For the Woman in Your Life Dating "That Guy"

I love this book. I love this book. I love this book. There, have I said it enough? This isn't a spoiler review. If you want a plot synopis, by all means, move on. The story opens in a dreary British seaside town, in the current day. Our main characters are a late thirty-something couple. He's a college professor and aficionado of a reclusive ex-eighties musician who reminds one of, well, Jandek, before Jandek actually started doing concerts. She is a museum curator, who is longing for a better life, and a child, somewhere a lot less boring. The book is full of lines like, "Where in the North of England could one find an unattached arts graduate? We went to North Bumblebee; supposedly there had been one there four or five years ago." Much of this is howlingly, bitterly funny. If I tell you what happens, it will ruin the plot, so I'll tell you what it's not: this isn't a continuation of, "High Fidelity"; it's not a story about stoically finding happiness in what you have; it's slightly anti-British--America looks like the place to be; its main thesis seems to be that leaving adolescence, and more importantly, having children, is the secret to long-term happiness. This is a lot about looking back, and ending what doesn't work. For many Gen-X'ers in their late thirties, this may hit a little too close too home. So, if you were rooting for the commitment-phobic, rock musician obsessed guy in this story, um, well, not the book for you. If however, you are hopeful, family friendly (gack, did I just say that?), rooting for the woman looking for the baby, and possibly the aging very ex-rock star, then this is just grand. P.S. Some of the jokes may rely on familiarity with Northern England stereotypes. (If you've seen, "Hot Fuzz", and "Kids in the Hall", you should be fine.)

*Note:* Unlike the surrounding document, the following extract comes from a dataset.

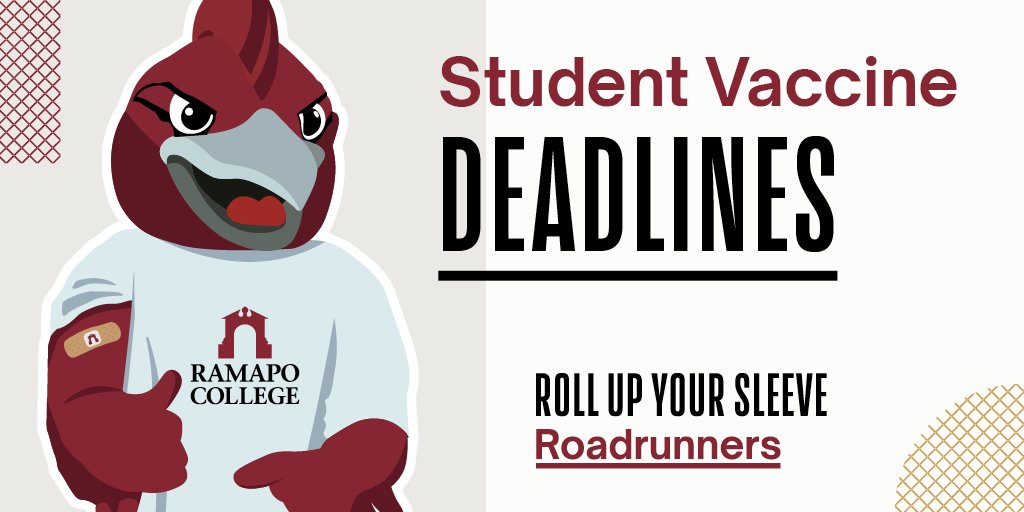 We're getting closer to the start of the Fall Semester - together let's roll up our sleeves, Roadrunners! 🚨
Students residing on campus or commuting to campus need to keep in mind the following deadlines to receive their vaccines and submit proof. A 🧵⤵️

possibly my new favorite Hornby book

All you really need to know about Juliet, Naked, Nick Hornby's latest, is that it doesn't disappoint. It's really, really good, and it may even replace High Fidelity as my favorite. The main characters are Annie and Duncan, a middle-aged couple, and Tucker Crowe, an aging musician in retirement. Annie and Duncan have a relationship-ending fight about the quality of Tucker Crowe's new album, and Annie begins a correspondence with Tucker Crowe himself. Juliet, Naked is about Regret. Big, mid-life crisis level Regret -- grief and anger at the too-quick passage of time, of wasted opportunities. It's about the realization that one has not Done Enough, or Done the Right Things. This may sound unappetizing. But one of the rare and great features of Nick Hornby's writing is how he takes situations that would normally be dreary, such as a serious break-up (High Fidelity) or teenage pregnancy (Slam), makes these situations hilariously funny. His characters are self-aware about themselves in some ways, but not at all in other ways. These gaps in self-knowledge, and Hornby's gentle handling of them, are exquisite in their subtlety and insight. This book reminded me: (1) Do the work you love, and (2) Strive to spend time with the people who (a) love you and (b) who you love in return. Which of us doesn't need this reminder, always?